Conversion QC: Both Directions, and the Spike-In Is an Optimistic Floor

Goal: Bound both conversion error directions before believing any methylation level.

Approach: Spike unmethylated lambda phage (measures under-conversion -> false hyper) AND CpG-methylated pUC19 (measures over-conversion -> false hypo). Align each spike-in genome separately and read off context methylation. With no spike-in, sample CHH methylation is a weak fallback (somatic tissue only; confounded in ESCs/neurons/plants).

bismark_genome_preparation --bowtie2 lambda/   # lambda: residual %meth = non-conversion rate (target <=1%)
bismark --genome lambda/ -1 R1.fq.gz -2 R2.fq.gz -o lambda_qc/
# pUC19 (CpG-methylated): fraction of CpGs called UNmethylated = over-conversion (expect ~96-98% methylated)

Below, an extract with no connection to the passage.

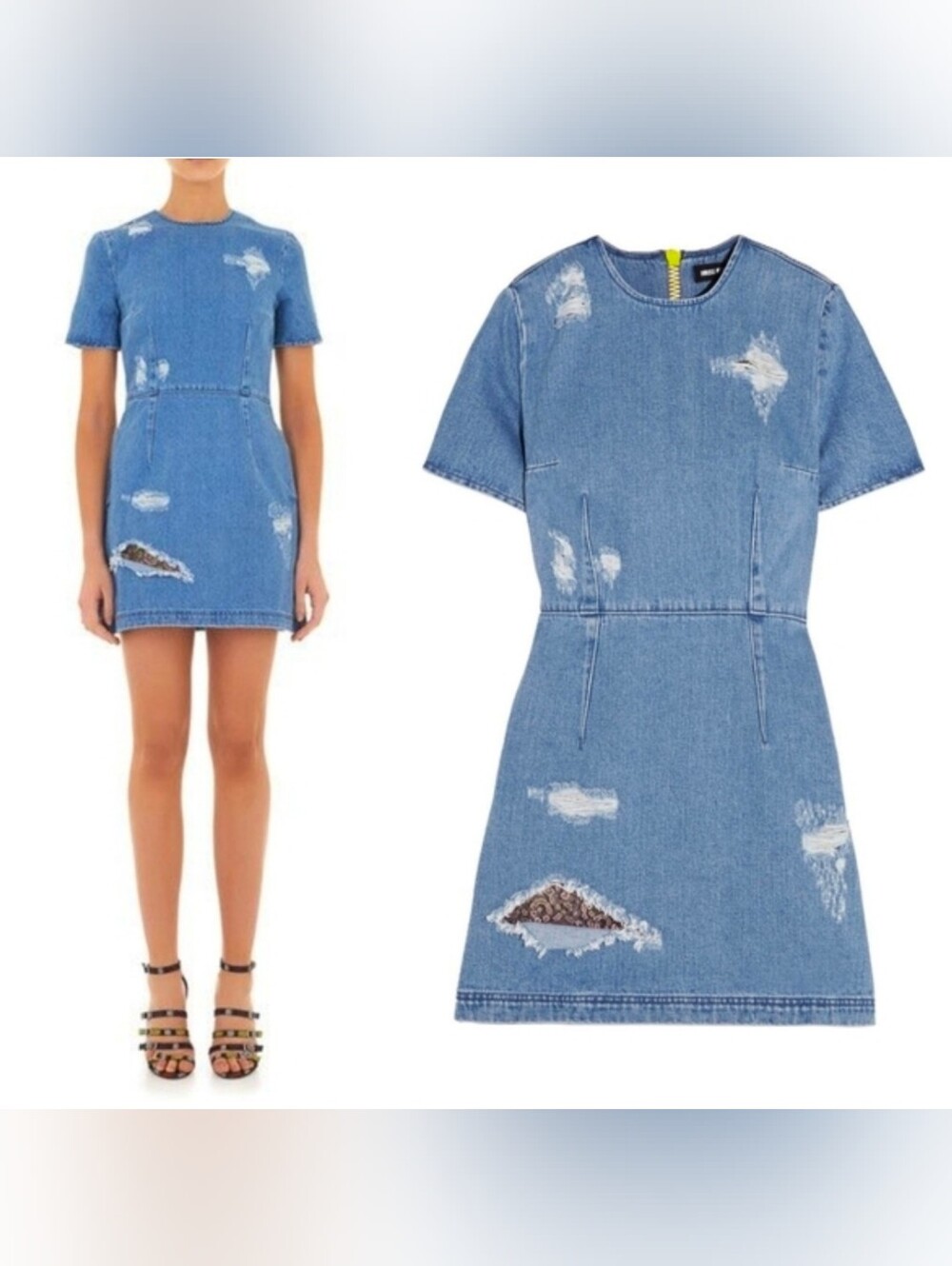 House Of Holland Distressed Denim Mini Dress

Spike-ins are naked, fully accessible DNA that denature completely, so their conversion is an OPTIMISTIC upper bound. Real genomic conversion is region-dependent: GC-rich CpG islands and structured regions denature less, under-convert more, and inflate apparent methylation exactly where the biology is. Treat the spike-in number as a floor; a rising per-GC-bin CHH rate flags local under-conversion.

Per-Method Failure Modes

PBAT or non-directional run with the default flag

Trigger: running PBAT/scBS or a non-directional library without --pbat/--non_directional. Mechanism: PBAT reads come from CTOT/CTOB and non-directional from all four strands, but the default tries only OT/OB. Symptom: near-zero (PBAT) or ~halved (non-directional) mapping efficiency on a clean-looking run. Fix: confirm the kit/protocol directionality, pass the matching flag; never reach for -N 1 first.

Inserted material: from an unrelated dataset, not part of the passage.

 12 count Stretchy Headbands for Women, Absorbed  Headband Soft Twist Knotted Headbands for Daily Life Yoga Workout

Incomplete conversion read as methylation

Trigger: no conversion control, or only a lambda (under-conversion) control. Mechanism: an unmethylated C surviving deamination is indistinguishable from real 5mC. Symptom: globally elevated methylation, worst in GC-rich CpG islands. Fix: report BOTH a lambda non-conversion rate (<=1%) and a pUC19 over-conversion rate; add per-GC CHH as an internal check.

RRBS deduplicated by coordinate

Trigger: running deduplicate_bismark on RRBS. Mechanism: MspI cuts give every fragment a fixed start, so distinct molecules share coordinates. Symptom: ~90-95% of reads discarded, coverage decimated. Fix: skip coordinate dedup for RRBS; use UMIs if dedup is required.

MspI fill-in not trimmed

Trigger: RRBS aligned without trim_galore --rrbs. Mechanism: end-repair fills MspI overhangs with unmethylated dCTP, creating artificial cytosines at fragment ends. Symptom: artificial hypomethylation clustered at MspI sites. Fix: trim_galore --rrbs; Bismark aligns RRBS fine but does NOT fix this trimming artifact.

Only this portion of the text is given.